## WHAT TO PRODUCE
Check each line of the records below for the word "Hybrid" and copy those where it appears.

## AVAILABLE DATA
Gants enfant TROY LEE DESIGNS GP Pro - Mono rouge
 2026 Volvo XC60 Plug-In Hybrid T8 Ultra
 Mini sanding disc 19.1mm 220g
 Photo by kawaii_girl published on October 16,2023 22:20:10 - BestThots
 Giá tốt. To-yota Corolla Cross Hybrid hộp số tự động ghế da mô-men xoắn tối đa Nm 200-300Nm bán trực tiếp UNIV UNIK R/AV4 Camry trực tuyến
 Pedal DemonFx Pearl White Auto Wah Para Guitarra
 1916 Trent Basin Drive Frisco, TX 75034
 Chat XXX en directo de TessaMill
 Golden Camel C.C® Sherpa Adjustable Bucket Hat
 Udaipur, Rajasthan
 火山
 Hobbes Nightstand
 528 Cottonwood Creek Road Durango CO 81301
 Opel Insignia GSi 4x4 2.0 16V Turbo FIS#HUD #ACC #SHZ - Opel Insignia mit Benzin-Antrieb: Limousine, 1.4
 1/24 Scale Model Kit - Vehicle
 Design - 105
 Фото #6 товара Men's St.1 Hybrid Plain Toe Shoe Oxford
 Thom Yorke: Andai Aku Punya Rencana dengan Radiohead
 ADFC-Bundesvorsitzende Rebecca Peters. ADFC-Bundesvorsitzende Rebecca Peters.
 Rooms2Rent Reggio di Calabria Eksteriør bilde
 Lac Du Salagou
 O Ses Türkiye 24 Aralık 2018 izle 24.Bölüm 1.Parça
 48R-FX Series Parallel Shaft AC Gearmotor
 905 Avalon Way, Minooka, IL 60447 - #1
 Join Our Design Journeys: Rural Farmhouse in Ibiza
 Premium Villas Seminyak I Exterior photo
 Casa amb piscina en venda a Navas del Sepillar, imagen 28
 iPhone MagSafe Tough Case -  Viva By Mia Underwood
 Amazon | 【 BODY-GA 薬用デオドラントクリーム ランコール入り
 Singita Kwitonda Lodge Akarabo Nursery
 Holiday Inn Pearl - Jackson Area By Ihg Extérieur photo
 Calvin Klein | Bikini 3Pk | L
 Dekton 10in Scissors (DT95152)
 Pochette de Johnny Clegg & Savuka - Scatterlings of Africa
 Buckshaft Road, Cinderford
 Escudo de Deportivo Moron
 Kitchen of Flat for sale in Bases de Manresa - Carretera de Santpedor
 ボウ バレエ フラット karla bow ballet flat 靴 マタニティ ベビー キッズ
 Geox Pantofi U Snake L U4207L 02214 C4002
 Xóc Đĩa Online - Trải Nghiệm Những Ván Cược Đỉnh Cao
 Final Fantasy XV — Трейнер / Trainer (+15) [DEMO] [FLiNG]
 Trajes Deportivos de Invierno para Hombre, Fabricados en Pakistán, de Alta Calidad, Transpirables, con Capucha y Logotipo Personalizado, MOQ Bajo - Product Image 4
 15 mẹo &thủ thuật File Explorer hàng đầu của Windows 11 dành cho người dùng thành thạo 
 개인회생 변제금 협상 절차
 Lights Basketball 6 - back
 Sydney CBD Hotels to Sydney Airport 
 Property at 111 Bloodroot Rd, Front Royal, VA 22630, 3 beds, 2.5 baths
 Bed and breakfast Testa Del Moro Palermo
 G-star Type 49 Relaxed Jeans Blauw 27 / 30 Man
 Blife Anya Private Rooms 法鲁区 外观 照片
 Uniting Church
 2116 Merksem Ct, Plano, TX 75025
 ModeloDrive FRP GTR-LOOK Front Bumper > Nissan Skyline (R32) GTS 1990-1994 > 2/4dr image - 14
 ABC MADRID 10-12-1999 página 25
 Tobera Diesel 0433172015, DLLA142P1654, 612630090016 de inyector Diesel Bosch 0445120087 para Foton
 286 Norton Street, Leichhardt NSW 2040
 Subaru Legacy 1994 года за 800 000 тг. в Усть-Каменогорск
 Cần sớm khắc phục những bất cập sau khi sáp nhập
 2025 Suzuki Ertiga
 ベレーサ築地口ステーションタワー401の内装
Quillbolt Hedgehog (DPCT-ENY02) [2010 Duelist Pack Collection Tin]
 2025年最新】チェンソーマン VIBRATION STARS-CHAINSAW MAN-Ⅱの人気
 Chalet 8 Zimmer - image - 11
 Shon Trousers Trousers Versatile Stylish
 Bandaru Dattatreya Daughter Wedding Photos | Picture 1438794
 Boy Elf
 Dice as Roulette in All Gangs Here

## SOLVED PROBLEM
 2026 Volvo XC60 Plug-In Hybrid T8 Ultra
 Giá tốt. To-yota Corolla Cross Hybrid hộp số tự động ghế da mô-men xoắn tối đa Nm 200-300Nm bán trực tiếp UNIV UNIK R/AV4 Camry trực tuyến
 Фото #6 товара Men's St.1 Hybrid Plain Toe Shoe Oxford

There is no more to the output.